Even though I was two years old when Pearl Jam’s Ten was released and grunge was taking over the world, “Jeremy” was still a song that followed me through my childhood and my ever-changing musical lens. Like for many others, my first exposure to “Jeremy” was the very moving and highly controversial music video, back when MTV still lived up to its name. The song and the music video are almost inseparable, as the video illustrates the shocking story of quiet 15-year-old Jeremy Wade Delle, who shot himself in front of his English class in 1975. Lead singer Eddie Vedder read a small paragraph in the newspaper about the tragedy, and felt that he needed to give this incident more importance.
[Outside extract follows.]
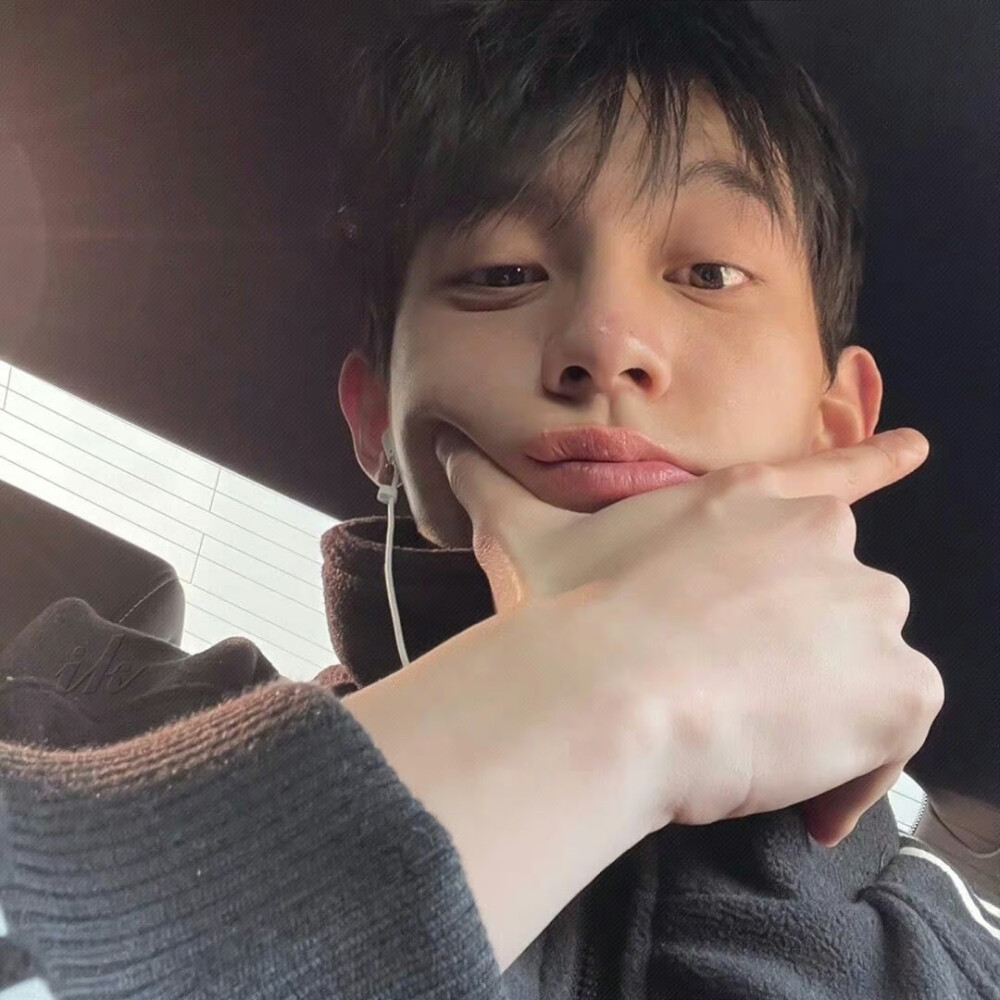 真人男生头像高清男头素质拿图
Vedder elaborates: “It came from a small paragraph in a paper which means you kill yourself and you make a big old sacrifice and try to get your revenge. That all you’re gonna end up with is a paragraph in a newspaper.” The result is “Jeremy”, one of Pearl Jam’s most powerful songs and certainly the song that has kept me a Pearl Jam fan for years.

The song and music video both begin eerily, foreshadowing the inevitable. Vedder describes the boy in the verses, mentioning that “Daddy didn’t give attention” and “Mommy didn’t care”. The narrator recounts that he clearly remembers picking on Jeremy, and the one day he retaliated by punching him in the jaw, “dropped wide open / Just like the day / Oh, like the day I heard.” The narrative is telling enough, but the chorus is utterly chilling, with the simple repetition of “Jeremy spoke in class today,” resonating deeply with any listener as an otherwise innocuous statement that tells the whole story. The song becomes a bit of an epic, gradually propelling towards the end until all the “Whoa”s, “Uh huh”s and “Ai ai ai”s overwhelm, as if personifying the maddening of Jeremy leading to his tragic suicide. “Jeremy” is always a tough listen because the song, unlike the inspiring newspaper article, does the incident plenty of justice and it is difficult not to empathize and perhaps relate. Many have experienced or witnessed taunting and bullying in school, but very few realize the profound impact it could have on an individual. Vedder drives home the takeaway message of the song: “The best revenge is to live on and prove yourself. Be stronger than those people. And then you can come back.” All of this combined to lift Pearl Jam out of the Seattle grunge scene and among the rock elite…and more microcosmically, among my favorite bands.

Monday, May 23, 2011

My Top 12 Songs of All-Time...Right Now: #7

A Perfect Circle
"3 Libras"
Single from the album Mer de Noms
Single Release Date: February 13, 2001
Billboard Modern Rock Tracks Peak Position: 12
Billboard Mainstream Rock Tracks Peak Position: 12

How does one begin to succinctly describe A Perfect Circle, Tool’s Maynard James Keenan’s little sideband that could? The band even defies simple genre labeling, as the all-too-generic “alternative rock” does them no justice whatsoever. Art rock is certainly a step up, but still, maybe they evade pithy categorization. As with every song on this list, “3 Libras” represents my carefully selected favorite song of the artist in question.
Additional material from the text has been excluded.